He made preaching his business. 1. The doctrine he preached was that of repentance (v. 2); Repent ye. The argument he used to enforce this call was, For the kingdom of heaven is at hand.

I want to talk to you in this message about true repentance. How does a person know if he or she has truly repented? How can we tell if there is true repentance in another? I'd like you to go with me to God's Word to find out. Please turn to Psalm 51.

Let me see if I can present a couple of possible situations where the answer to these questions might seem relevant:


| A person has "gone forward" many times to express public repentance, yet a sin continues to have control of his/her life. |

A person has doubts about his/her own initial salvation. (Such people often want to be re-baptized when they can't settle these doubts.)
We doubt the sincerity of another brother/sister who says "I repent" but we really don't trust that they have.

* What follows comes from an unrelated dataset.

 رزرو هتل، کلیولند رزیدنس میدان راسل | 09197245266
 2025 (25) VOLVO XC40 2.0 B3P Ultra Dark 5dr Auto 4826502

In Psalm 51, we have a word picture of a repentant man. This Psalm was written after David's sin with Bathsheba. Nearly one year had passed between the sin and the confrontation by Nathan the Prophet. David had covered up his sin and never repented. God finally forced him out of his hiding in a dramatic confrontation by the prophet. This Psalm was written perhaps, just a few hours after Nathan's confrontation.

(Read Psalm 51:1-17)

As we will see, repentance is more than just having "second thoughts" about what one has done wrong. Repentance is a complete change of mind that will lead ultimately to changed actions and a changed way of thinking. Said another way, repentance signals the end of some things and the beginning of some things.

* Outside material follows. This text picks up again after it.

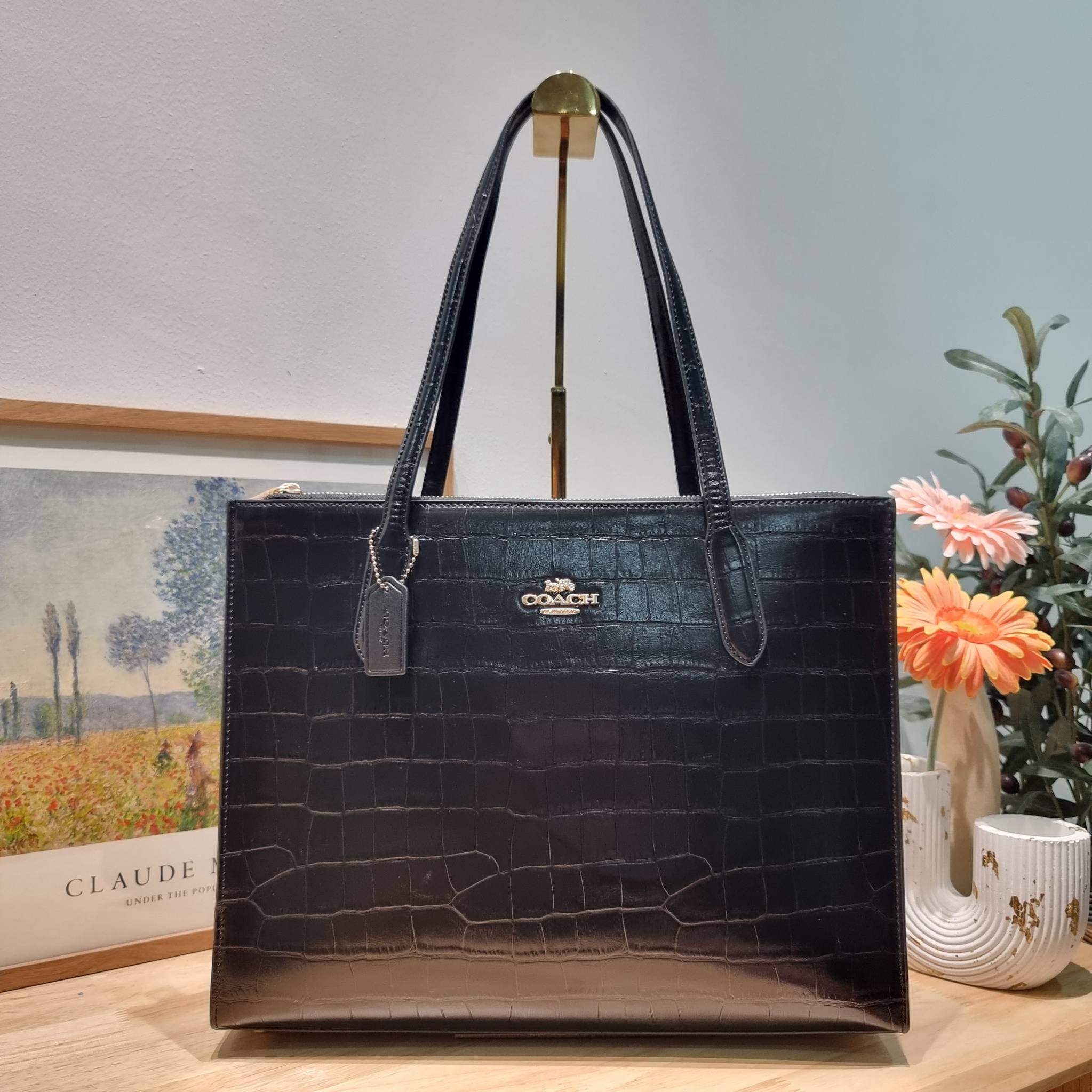 COACH NINA CARRYALL CL654 / COACH Nina Tote Bag พร้อมส่ง 2 สี กระเป๋าโท้ทสะพายไหล่ ใบใหญ่ คอลเลคชั่นใหม่ ตอบโจทย์คนที่ชอบใส่ของเยอะๆได้อย่างดี ดีไซน์รูปทรงคลาสสิค เรียบหรู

First, repentance signals,

I. The End of Fooling Ourselves. (v. 1-4)

A common way of dealing with the guilty conscience we all get in the wake of sin is euphemizing.

Euphemizing is the practice of substituting a mild, indirect, or vague term of description for one considered harsh or blunt. We do this in public, but even more damagingly, we do it in the privacy of our own minds - thus, fooling ourselves.

When thinking of our sin, we substitute words like my weakness, my mistake, my misstep, my problem. Each of these expressions carefully camouflages the ugliness of the offence. It lessens the impact of a full admission of sin, allowing a person to escape some of the guilt and self-incrimination. After all, doesn’t everyone make mistakes? Doesn’t everyone have to cope with problems? We carefully construct an elaborate rationale for why we do what we do. As long as no one is ever allowed to see it or question it, the deception is effective. Our conscience is appeased. We fool ourselves to the point that what we are doing wrong doesn’t bother us very much. In this way we never fully face our wrong.

A young man once said to a preacher, "I don’t think I am a sinner." The preacher asked him if he would be willing to tell his mother or his sister all the things he had done. After a moment the young man said, "No, I certainly would not like to have them know; not for all the world." This man was fooling himself. The things he had done wrong, when reviewed in the personal court of his mind amid carefully constructed subterfuges and euphemisms, didn’t look that bad. When he looked though the eyes of his mother or sister, though, the truth was seen. He had much to be ashamed of.

David had been playing these games for nearly a year and might have gone on indefinitely had not he learned that someone else knew what he had done. Then suddenly, he saw his sin through the eyes of Nathan the prophet. His immediate realization was expressed in the words that came out of his mouth: "I have sinned against the Lord."

That is what we find in this Psalm, too.

4 Against Thee, Thee only, I have sinned, and done what is evil in Thy sight, so that Thou art justified when Thou dost speak, and blameless when Thou dost judge.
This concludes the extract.